Das bedeutet: Die Fans der Gratis-Kita schaffen eine leidlich funktionierende Finanzierung für ein nebulöses Versprechen ab, das am Sankt-Nimmerleins-Tag kommt. Eine solche Strategie begeistert vielleicht besser gestellte Eltern, aber sie ignoriert die real vorhandenen Verteilungskonflikte. Denn Geld für gute Kitas wird dringend gebraucht. Erzieherinnen – es sind fast immer Frauen – sind lachhaft schlecht bezahlt, die Ausstattung der Kitas ist mies, die Betreuungszeiten sind in vielen Regionen zu eng. Man dürfe die Qualität eben nicht gegen die Gebührenfreiheit ausspielen, antworten dann die Gratis-Kita-Befürworter. Für alles müsse Geld da sein.

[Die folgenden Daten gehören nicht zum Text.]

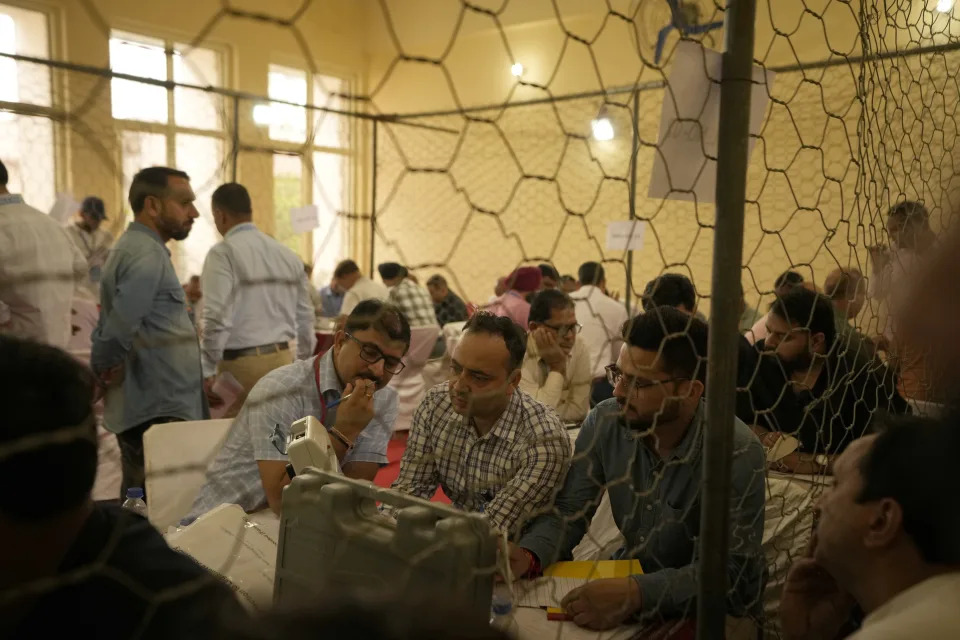 Election officers count votes for the recent election at a counting center in Jammu, India, Tuesday, Oct. 8, 2024. (AP Photo/Channi Anand)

Mag sein. Nur leider sieht es in der Praxis anders aus. Die Länder setzen die Milliarden, die die Große Koalition bereitstellt, sehr unterschiedlich ein. Die einen investieren in Personal, andere schaffen Gebühren ab. Klug wäre, bei den Kitas zu priorisieren – und die Qualität vor das Umsonstversprechen zu stellen. Dazu gehörte aber der Mut, auf eine populäre Forderung zu verzichten.